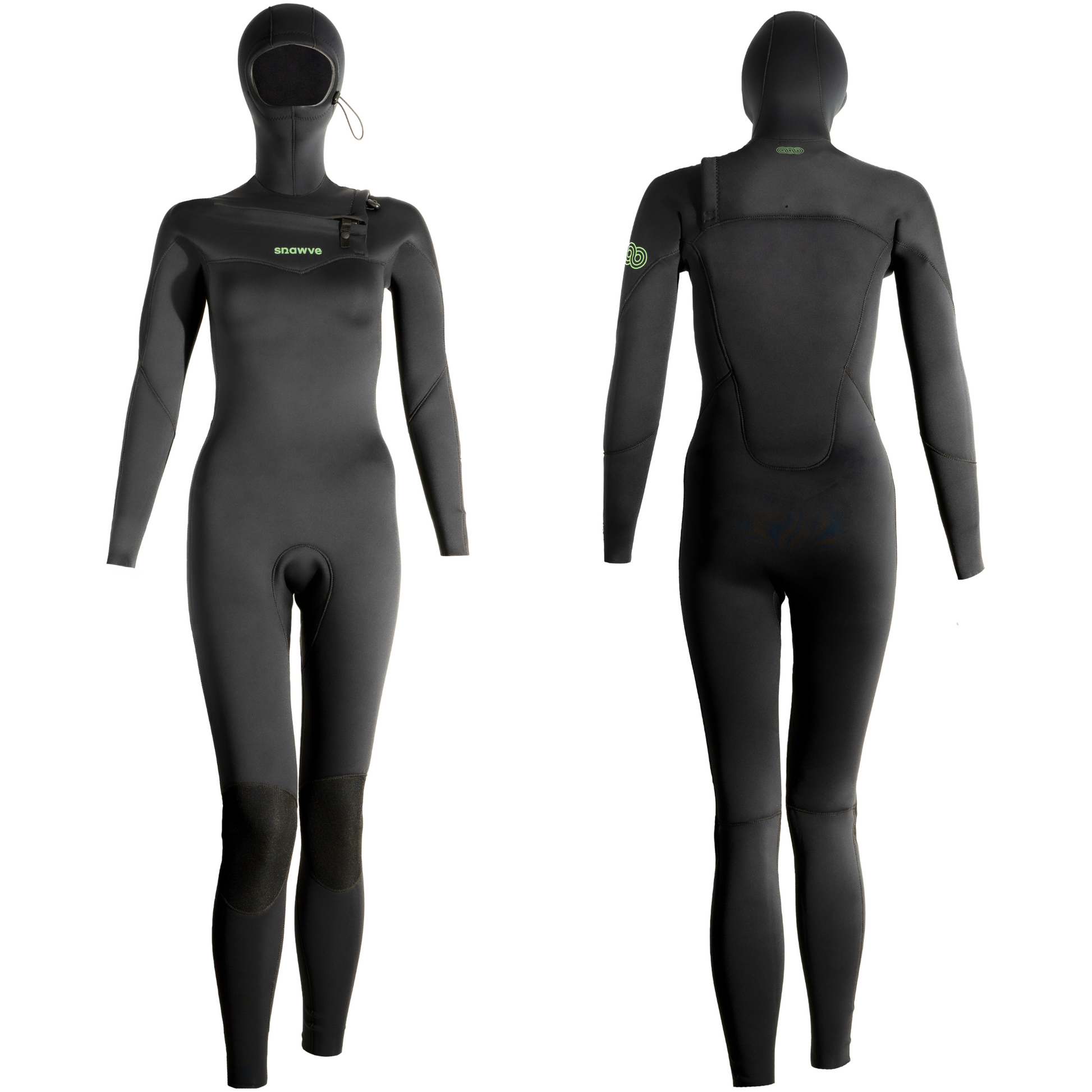 Snawve BIO-Foam 5/4 Damen Wetsuit mit Kapuze und Thermofutter Snawve BIO-Foam 5/4 Damen Wetsuit mit Kapuze und Thermofutter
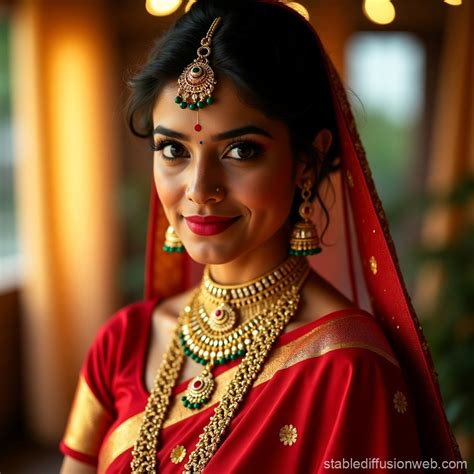 north indian women  traditional attire stable diffusion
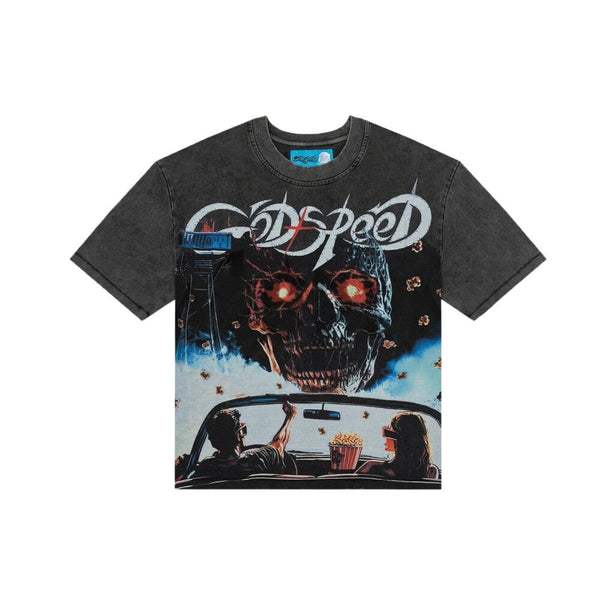 Godspeed Drive In Men's T-Shirt Black Wash gdspd12-bw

****************************************

| YOUR OBJECTIVE |
Pictures are to be dropped, and the remaining data set down exactly.

| WRITTEN RESPONSE |
 Snawve BIO-Foam 5/4 Damen Wetsuit mit Kapuze und Thermofutter Snawve BIO-Foam 5/4 Damen Wetsuit mit Kapuze und Thermofutter
 north indian women  traditional attire stable diffusion
 Godspeed Drive In Men's T-Shirt Black Wash gdspd12-bw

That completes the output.